Pompeo's Checkmate on China

January 20, 2021

Conservatives aren't the only ones with a wary eye on Washington today. With a new administration comes fresh uncertainty for millions of people abroad. For four years, persecuted believers of all faiths have had an ally in the White House -- a president who made it his personal mission to lift minorities out of fear and chains, to give them a voice when the rest of the world looked away. What will they have in Joe Biden? Many are scared to find out.

In the heat of the campaign, there was a common refrain from Republicans: Joe Biden is China's dream president. After years under Obama, the former vice president, who even excused the one-child policy, has never had the stomach to challenge the communist leaders. They have every reason to expect, Steven Mosher warned, "that Biden, like Obama, [will] turn a blind eye to the theft of American jobs, factories, and intellectual property..." Even more concerning, many of us worry, is that he'll turn a blind eye to something else: the greatest human rights atrocity of the modern age: the persecution of Uyghur Muslims.

Realizing this was a risk, former Secretary of State Mike Pompeo did something that Americans -- and the two million Uyghurs trapped and tortured in concentration camps -- will thank him for. On Tuesday, with just hours left in his chair, the State Department declared China's treatment of the Uyghurs "genocide," a designation that will be very hard for the incoming Biden administration to ignore.

It was a savvy move on Pompeo's part, since not only does the declaration make America the first country to label the crisis as much, but it also makes it impossible for the new president to sidestep the issue. "By making this move just one day before Biden is sworn into office," observers point out, "Pompeo has taken the decision out of the president-elect's hands and set the incoming administration up for a rocky start to its relations with China."

But "rocky" is how most Americans would prefer it, after a pandemic that's soured the country's opinion on China and prompted both parties to call for tougher action.
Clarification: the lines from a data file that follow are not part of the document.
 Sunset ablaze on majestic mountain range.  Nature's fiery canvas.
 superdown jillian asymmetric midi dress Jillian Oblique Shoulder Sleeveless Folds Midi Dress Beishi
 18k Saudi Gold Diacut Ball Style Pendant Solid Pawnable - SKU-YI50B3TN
FRC's Travis Weber, Vice President for Policy and Government Affairs, cheered the move, saying it leads the way for other countries to take an equally hard line. "The genocide designation is very significant, both from a moral and legal perspective," he explained on "Washington Watch," "because it will obligate and increase the pressure on the United States and others to act against China. While certainly there's been a lot of attention on China -- and we recognize that what China is doing to its minorities there is tragic -- the genocide finding [is the] most serious of international human rights violations. It adds an additional layer of weight, morally and legally, to the obligation to prevent and punish China. So it's incredibly significant, both in the respective of what this is going to obligate the Biden administration and others going forward."
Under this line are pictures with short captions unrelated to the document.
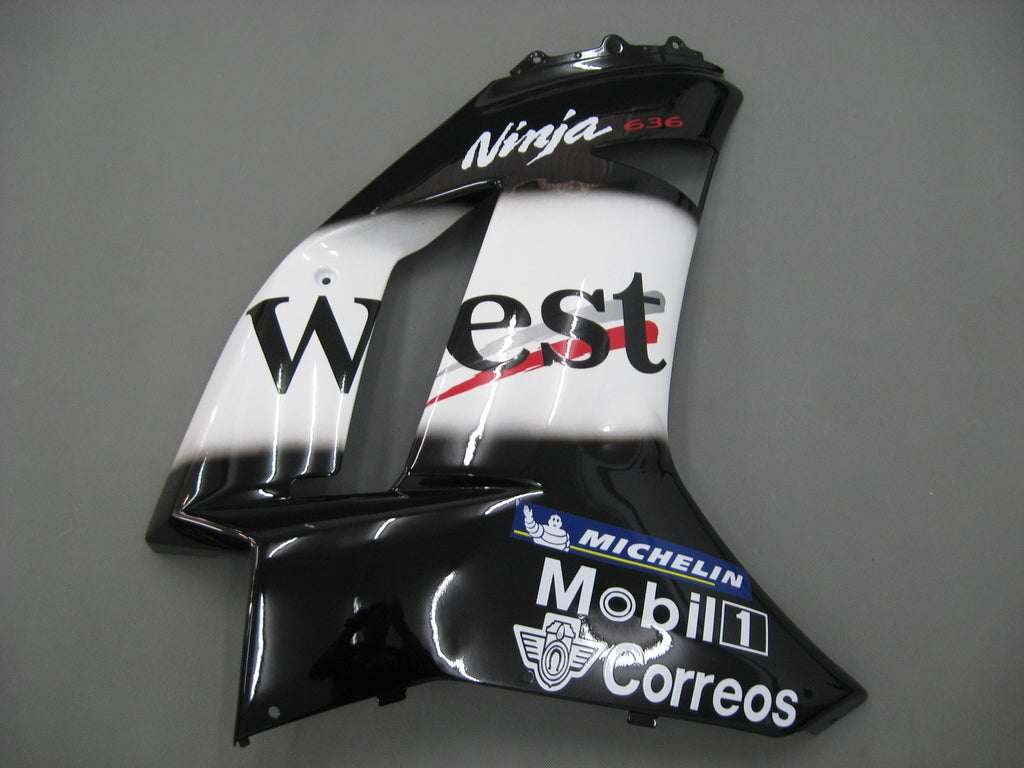 2007-2008 Kawasaki ZX6R ZX636 Black White West Ninja Fairings Generic
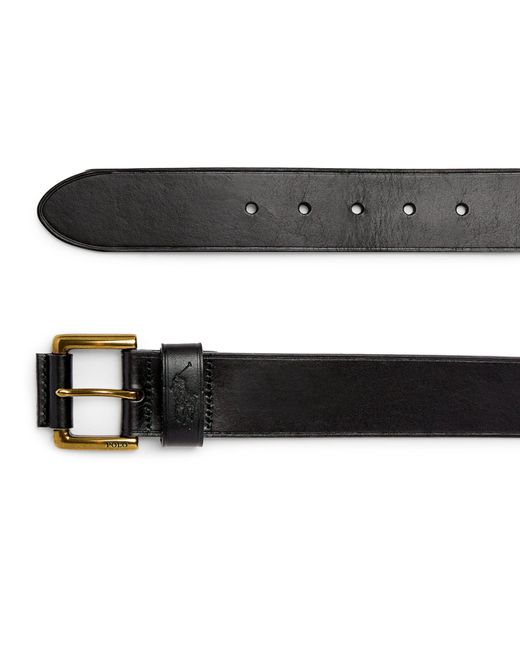 Polo Ralph Lauren Black Leather Polo Pony Belt for men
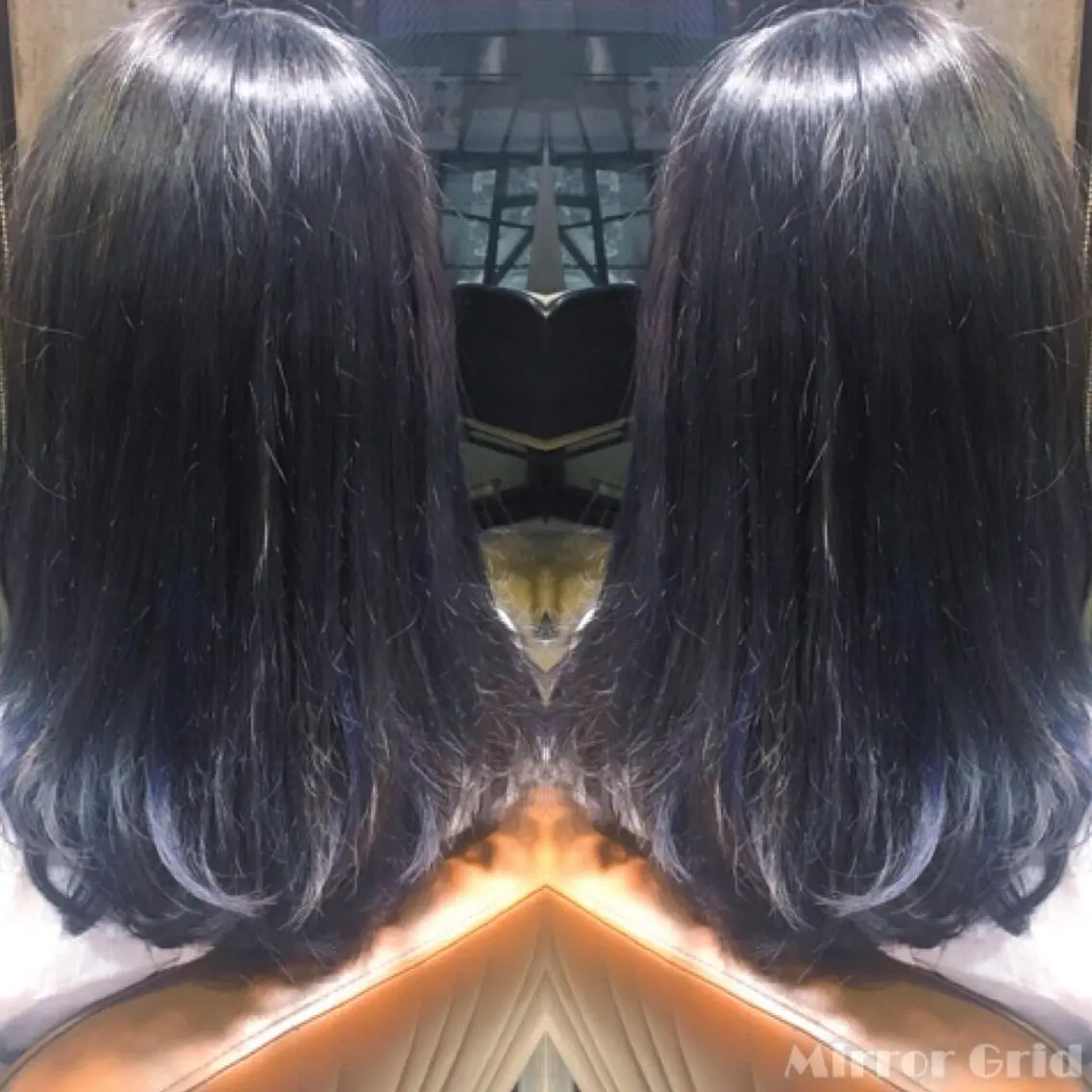 セミロング カラー ブルーカラー ダークグレー ダブルカラー ハイライトカラー ハイライト 北條 優輝のヘアスタイル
The genocide designation is extremely important, as Travis said, because it triggers a new menu of options for the United States in dealings with China -- including sanctions. That puts Joe Biden, who's been a cheerleader of the communist nation for years, in a very tough position. Pompeo's move forces the new president to either overturn the designation or abide by it. Given the baggage of his son's business dealings in the country, either choice will be uncomfortable. He'll either be seen as betraying the Chinese or condoning the persecution.

Back in the Obama administration, when the president finally agreed to call the annihilation of religious minorities in the Middle East "genocide," it dramatically changed our foreign policy in that region. It has the potential to the same in China, if Joe Biden has the courage to act. Either way, the Uyghurs will know that one leader has their back -- and his name is Mike Pompeo.